You know we were at the Folks Festival in Colorado a few weeks ago, and Kris Kristofferson got up and it had been a really quiet day. People weren’t really responding to the music … it was kind of chill … people getting into the groove. So he did some loud and proud protest songs, and that was when the crowd was like Yeah! That’s what we want. I couldn’t help but wonder why everyone’s not doing that. I have a hard time with [writing political songs] too, though.

Were you there the day that [Eric Schwarz] got up and did that “[Clinton] Got a B***job” … the b***job song? That was awesome! Standing ovation! Everybody was just like … it was so good to hear an articulate, humorous reaction to the insanity.

Absolutely.

Well it is hard to do, I guess, that’s one reason why everybody’s not out there doing it more. I find that political songs are the hardest. You know, it’s really hard to take something so big that is infested with words that are very pedantic… you take a word like capitalism and patriarchy and try to make music out of it. It’s much easier to make love and trains and stars [into songs], you know, that s**t just flows. But when you’re trying to really speak to political issues in a song, it’s very tricky writing, I find. So you know, there’s that.

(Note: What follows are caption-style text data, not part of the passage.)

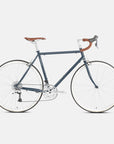 Green, steel-framed bikepacking bike in a studio setting.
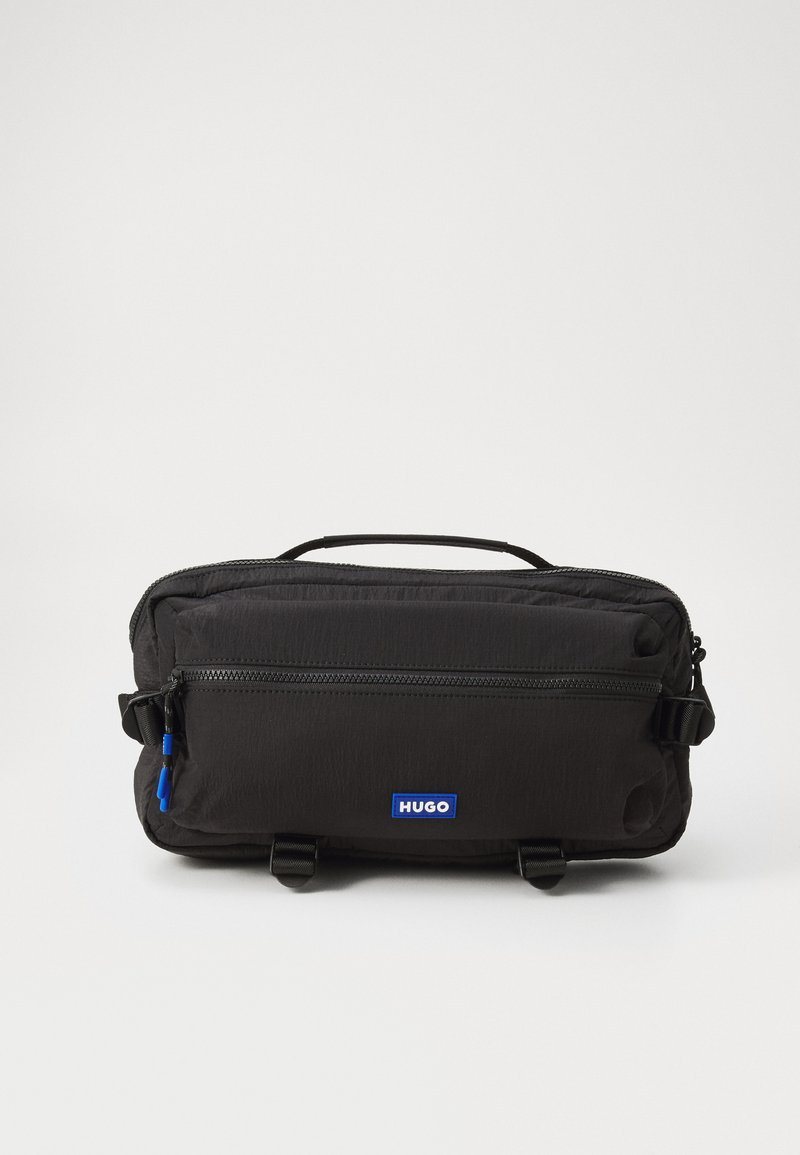 Sort nylon taske med en struktureret overflade, der har et håndtag i toppen, lynlåslukning, frontlomme og blå logoetiket. Kompakt og rektangulært design.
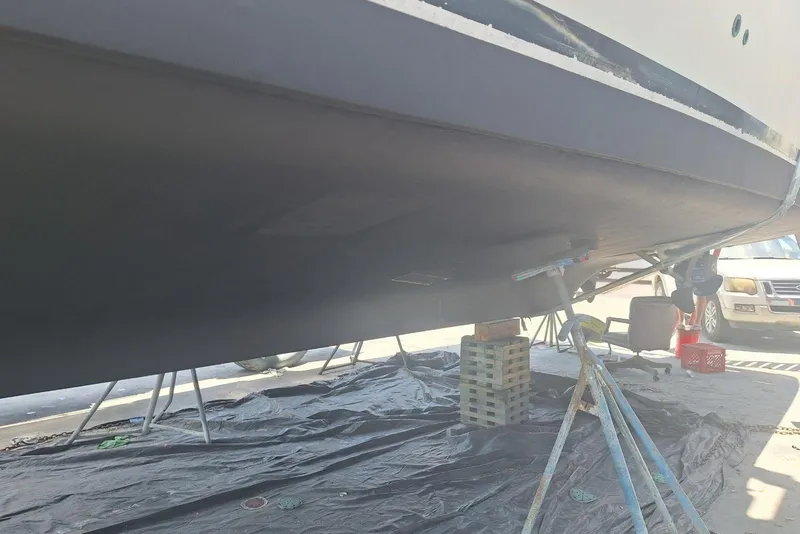 Slide: The Image of Bottom view of a 1988 Birchwood 44TS boat on stands, undergoing maintenance. - 45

Yeah I think maybe also, I feel when I really want to write those songs, and I’ll sit down and I’m just so totally infested with news stories and all the information that’s out there … it’s just hard to kind of sift it down into a three-and-a-half-minute melody.

Yeah exactly. That’s one thing I think Hammel does so well.. Just straight up, shoot from the hip, from the heart, just you know, Don’t kill. Don’t Kill … God came down from the mountain … really to distill [all of that into] a listenable, core … this sort of message. Yeah, it’s hard.

I don’t wanna keep you too long. But what would you say is the most pressing thing you want to get across in your work these days?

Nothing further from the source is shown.